Önseçimin parti yönetimlerinin tercihine bırakılmayarak yasal düzenleme ile aday tespitinin asıl yöntemi olarak benimsenmesi halinde, sistemin uygulanarak kendi içindeki eksikliklerini kapatmasına olanak tanıyacak, siyasi partilerin üye yapılarının da sağlıklı bir noktaya gelmesini kolaylaştıracak ve katılımcılık açısından olumlu bir adım atılmış olacaktır.

Delege Sistemi

Mevcut Siyasi Partiler Kanunu’nun öngördüğü, ancak katılımcılık açısından eleştirilen bir diğer konu ise delegelik sistemidir. Hali hazırda Siyasi Partiler Kanunu’nda siyasi partilerin ilçe kongreleri için en fazla 400, il kongreleri için en fazla 600, büyük kongreleri için ise TBMM toplam üye sayısının en fazla iki katı olmak üzere temsilci (delege) tespiti gerekli bulunmaktadır. Dolayısıyla siyasi partilerde en alt kademeden başlayarak en üst organa kadar delegelerin belirleyiciliği esastır.

İlçe ve il kongrelerinde belirlenen il delegeleri ve büyük kongre delegeleri hakim gözetiminde seçimle belirlense de özellikle gömleğin ilk düğmesi olarak tarif edilebilecek olan mahalle temsilcilerinin, yani ilçe kongre delegelerinin siyasi partilerin kendi organlarının gözetiminde ve mahalle bazında o partinin aldığı oy oranına göre dağılım yapılarak belirlenmesi nedeniyle bazen sonuçlar da sağlıklı olmayabilmektedir.

Zaman zaman, biraz da popülist bir yaklaşımla, parti genel başkanlarının tüm üyelerin katılımıyla belirlenmesi gibi öneriler tartışmaya açılsa da; mevcut siyasi partiler mevzuatımız buna cevaz vermemekte, genel başkan ve merkez karar ve yürütme organlarının seçileceği büyük kongreye katılacak temsilcileri tek tarif etmektedir.

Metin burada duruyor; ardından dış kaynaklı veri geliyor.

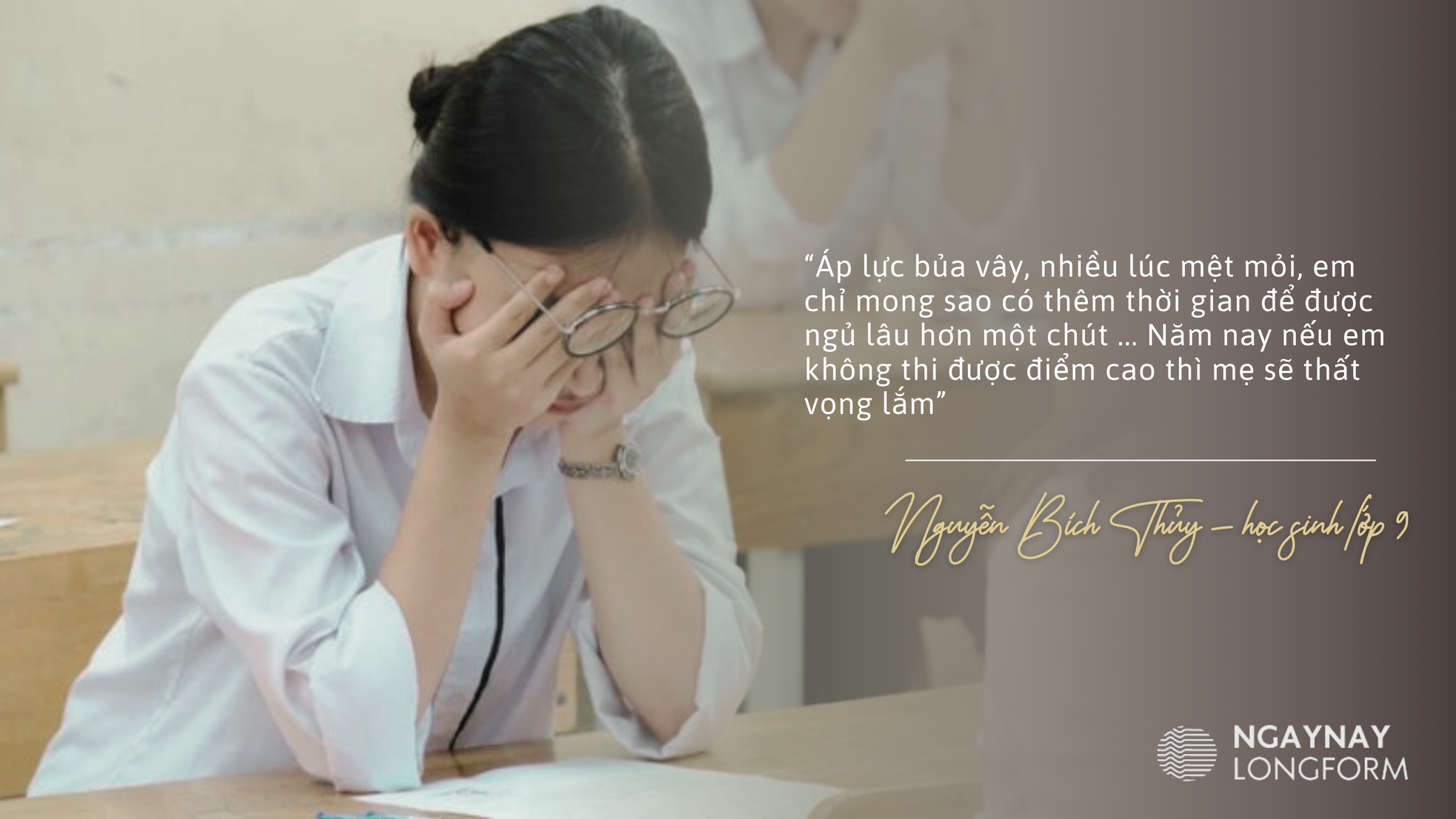 Áp lực thi cử thời hiện đại ảnh 2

Dolayısıyla yasada ilçe ve il kongrelerinde üst kurul temsilcilerinin seçileceğinin belirtilmesi ve partilerin il örgütleri ile merkez karar ve yönetim organlarının bu temsilciler tarafından belirlenmesi zorunluluğu karşısında, hali hazırda delegelik sisteminin partilerin inisiyatifiyle esnetilmesi mümkün olmadığı gibi en üst yönetim organları için böyle bir sistemin işletilebilirliği ya da ne kadar doğru ve sağlıklı bir yöntem olabileceği de tartışmalıdır. Bu bakımdan en azından şimdilik bu önerilerin siyasetin gerçekliğiyle de hukuki çerçeve ile de bağdaşmadığını söylemek gerekir. Ancak özellikle gömleğin ilk düğmesi olan ilçe kongrelerine katılacak temsilciler bakımından, o ilçe örgütünün tüm üyelerinin katılımıyla ilçe yönetimleri ve üst kurul temsilcilerinin belirlenmesi halinde, hem yöneticilerin ve temsilcilerin seçimine dair tartışma ortamı ortadan kalkacak hem de katılımcılık ve demokrasi bakımından faydalı bir adım atılmış olacaktır.

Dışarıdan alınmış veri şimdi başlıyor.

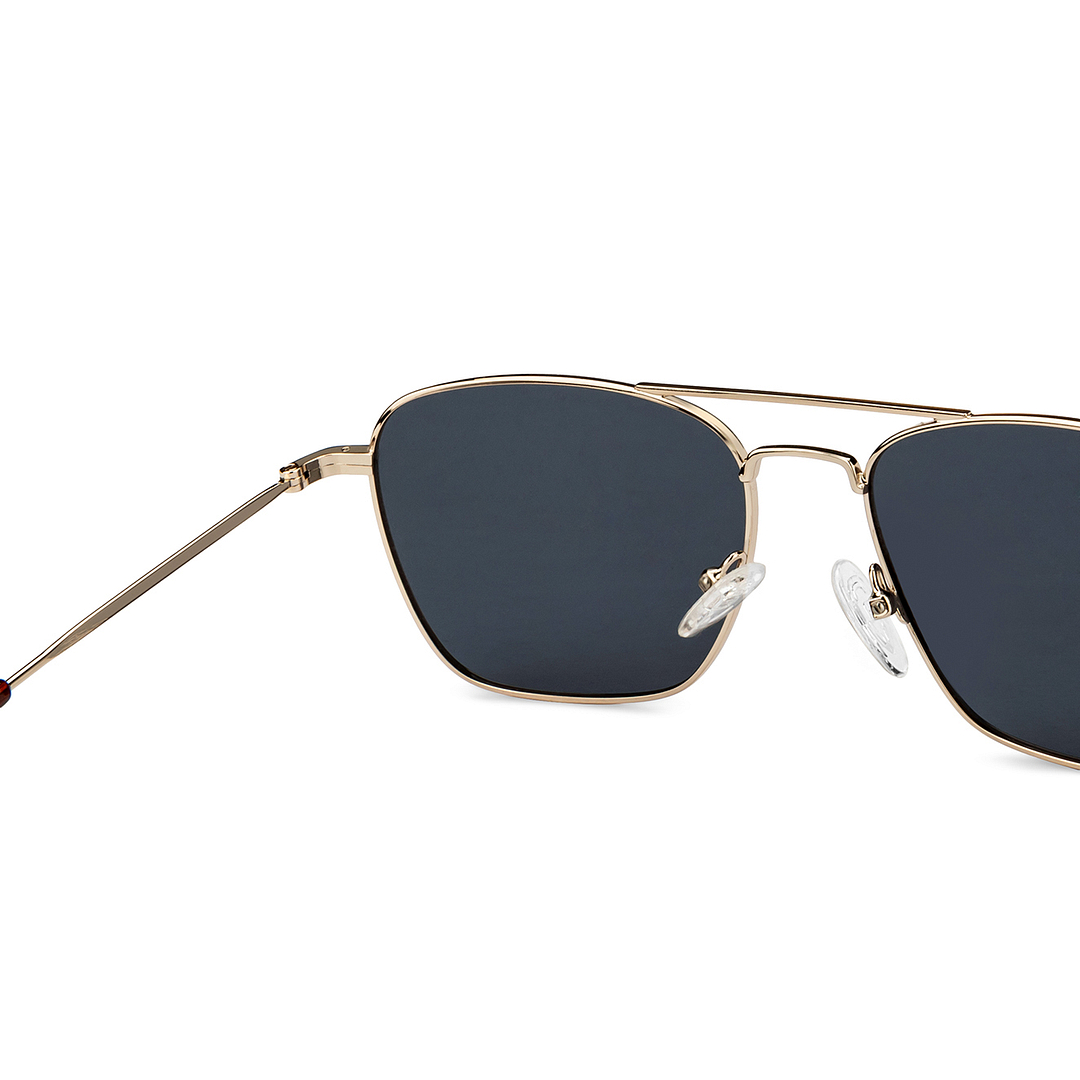 Vincent Chase Polarized Gold Full Rim Rectangle right side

Kadın ve Gençlik Örgütlenmeleri

Mevcut Siyasi Partiler Kanunu’na göre daha önceleri kurulmasına olanak tanınmayan, ancak partilerin kendi inisiyatifleriyle yapılandırdıkları kadın ve gençlik örgütleri, 1999 yılında yapılan değişiklikle ‘yan kuruluş’ olarak kabul edilerek bu konuda da parti tüzüklerine atıf yapılmıştır. Partilerin en önemli unsurları olan kadınlar ve gençlerin, siyasete katılımdaki önemi tartışmasız olmakla beraber yan kurulların varlığının, bu katılıma olumlu ve olumsuz etkileri de bulunmaktadır. Bir yandan, gençler ve kadınlar açısından ana kurullar yerine yan kurullar işaret edilerek asıl yapının dışında bir yer tarif edilebilmekte ve zaman zaman birden fazla örgüt varlığı çeşitli şekilde karmaşalara sebep olabilmekteyse de, diğer yandan bu kesimlerin kendi örgütlenmelerini yapmaları, parti örgütleri içerisinde daha güçlü bir etki alanına sahip olmalarını sağladığı gibi özellikle siyasi yaşama ilk kez dahil olacak bireylerin harekete geçirilmesinde, motivasyonlarının artırılmasında ve sürece adapte olmalarında da olumlu katkısı bulunmaktadır.

Cinsiyet ve Gençlik Kotaları

Kadın ve gençlerin siyasete katılımı açısından bir diğer unsur ise, kota uygulamasıdır. Parti içi mücadelelerde zaman zaman geri planda kalabilen ve temsiliyet oranı için pozitif ayrımcılığa ihtiyaç duyan kadın ve gençler için siyasi partiler kendi tüzükleri ile kota öngörebilmektedir. Ancak mevcut siyasi partiler ve seçim mevzuatımızda kota uygulamasına yer verilmemiş olması, bu katılımcılığın tüm partilere ve siyasal yaşama etkisini sınırlamaktadır. Parlamentoda hali hazırda kadınların temsil oranı %17’lerde kalmakta, gençler ise bir elin parmaklarının sayısına bile ulaşamamaktadır. Nüfusun büyük kesimini oluşturan gençlerin, görece yaşlılar tarafından yönetiliyor oluşu, özellikle gençlerin siyasete katılımı noktasında heyecanlarını kırmakta ve isteksizlik yaratmaktadır. Politikada deneyimin de önemi tartışmasız olmakla beraber, siyasetin gençleşmesi ve kadın temsiliyet oranının artırılması için, Siyasi Partiler Kanunu’nda cinsiyet ve gençlik kotaları öngörülerek asgari bir oranın korunması siyasete katılımı da artıracaktır.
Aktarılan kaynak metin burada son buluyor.